Last week, Guard forces wounded two militants in clashes near the border and confiscated weapons and ammunition.

Security forces often clash with drug traffickers in the area, which is along one of the main routes for bringing Afghan opium and heroin to the Persian Gulf and Europe.

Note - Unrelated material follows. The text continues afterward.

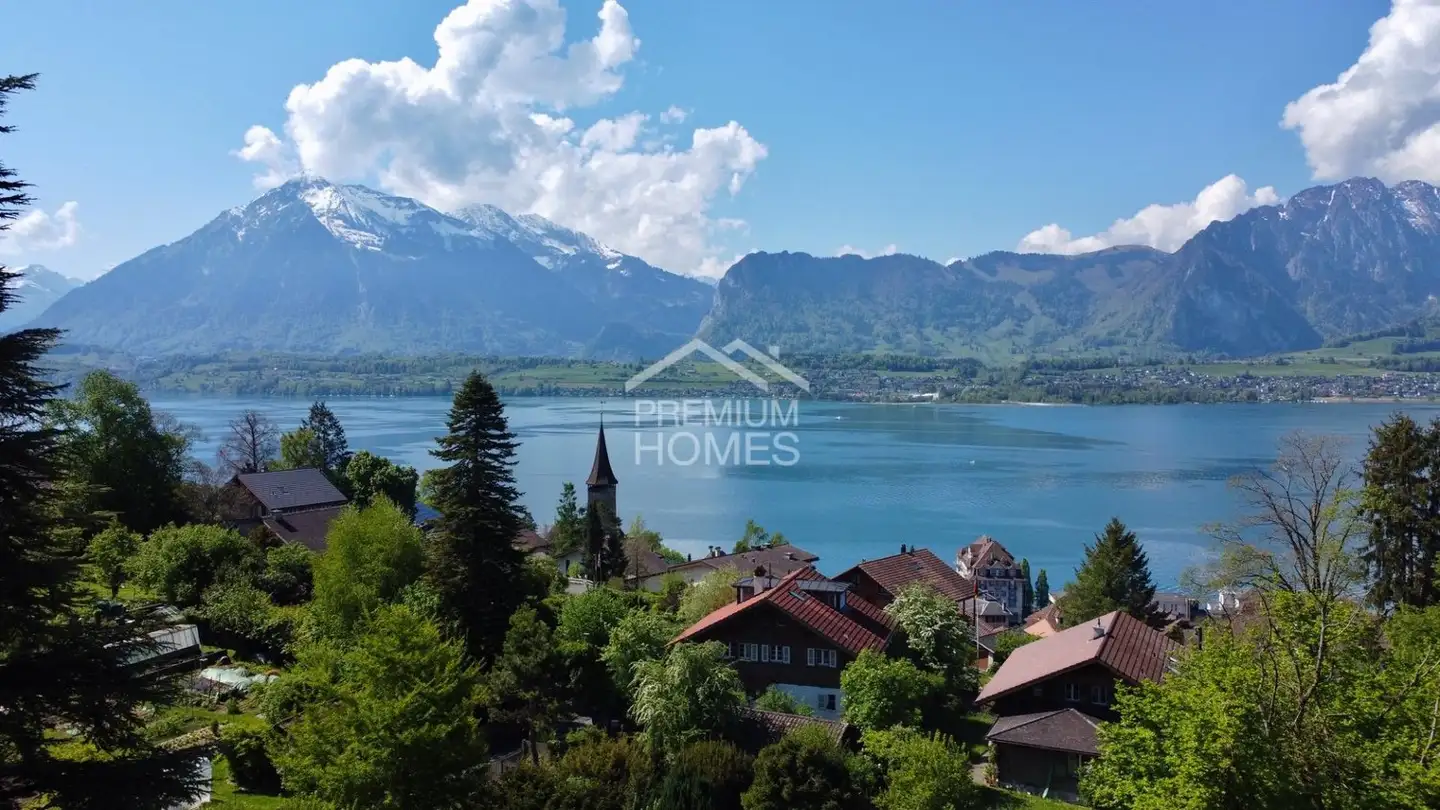 Terrain constructible à vendre - 3652 Hilterfingen - Photo 3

Shiite-majority Iran has seen a rise in Sunni militancy in recent months, and in June authorities said they foiled one of the "biggest terrorist plots" ever hatched on Iranian soil.

Iranian forces kill 4 Sunni militants near Pakistan border | Fox News


----------



## Fenton Lum (Sep 13, 2016)

I know the power structure wants me to get all jacked up about who's killing who in the middle east, but I just don't care, they'll go in and have their war anyway, they can do it without my cheering it on.


----------



## irosie91 (Sep 13, 2016)

Fenton Lum said:


> I know the power structure wants me to get all jacked up about who's killing who in the middle east, but I just don't care, they'll go in and have their war anyway, they can do it without my cheering it on.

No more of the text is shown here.